» **DESCRIPTION OF THE TASK**: Would you please copy the part of the material below that opens with the line containing "Iro Armeni: Cross-Modal" and closes with the line containing "внешней политики Московского"? Copy it exactly, and only it.

» **DATA EXCERPTS**:
============================================================

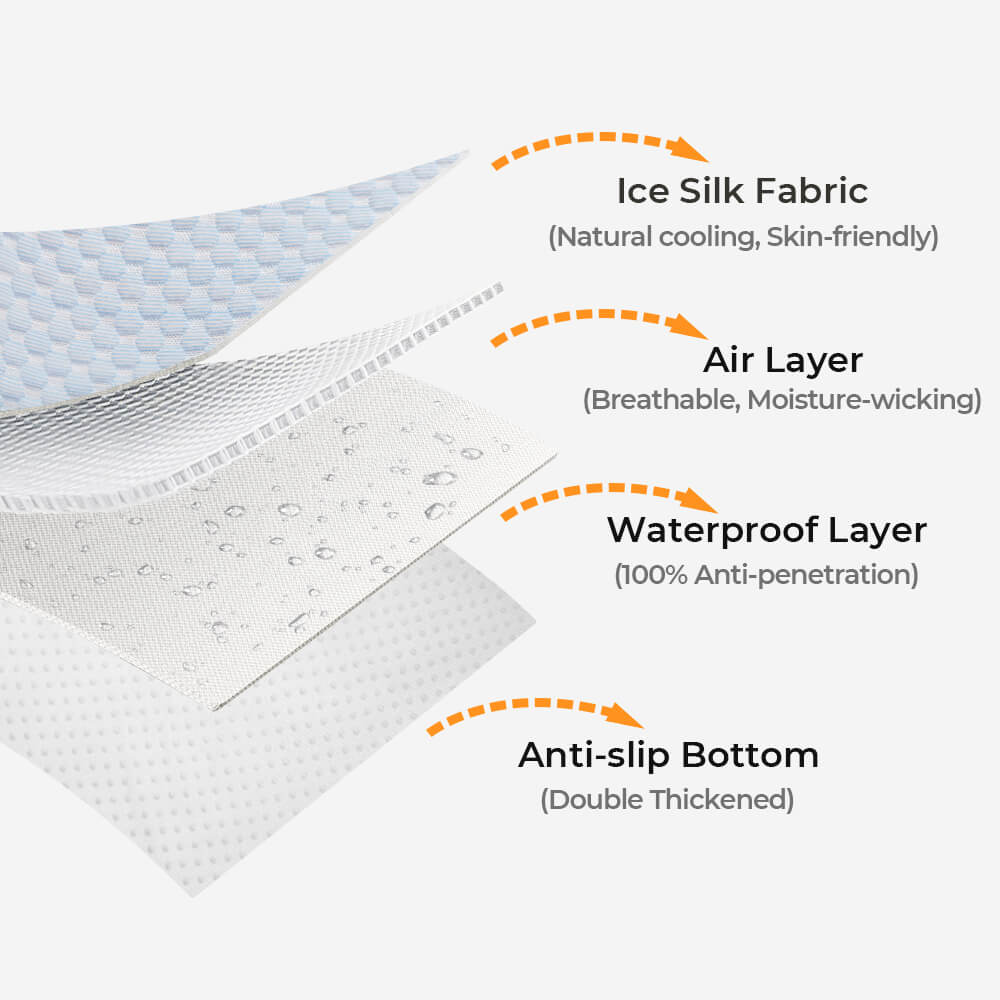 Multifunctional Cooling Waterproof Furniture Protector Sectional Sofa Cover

============================================================

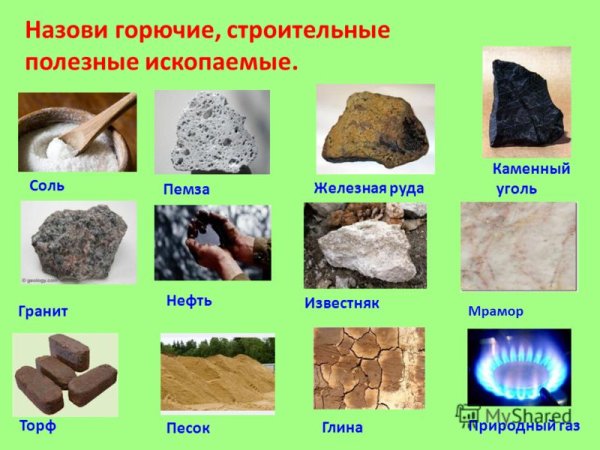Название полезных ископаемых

============================================================

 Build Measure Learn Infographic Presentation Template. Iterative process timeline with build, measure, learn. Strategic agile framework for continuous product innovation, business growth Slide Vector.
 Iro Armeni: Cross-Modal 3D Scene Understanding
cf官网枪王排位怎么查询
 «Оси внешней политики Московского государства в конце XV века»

============================================================

» **OUTPUT**:
 Iro Armeni: Cross-Modal 3D Scene Understanding
cf官网枪王排位怎么查询
 «Оси внешней политики Московского государства в конце XV века»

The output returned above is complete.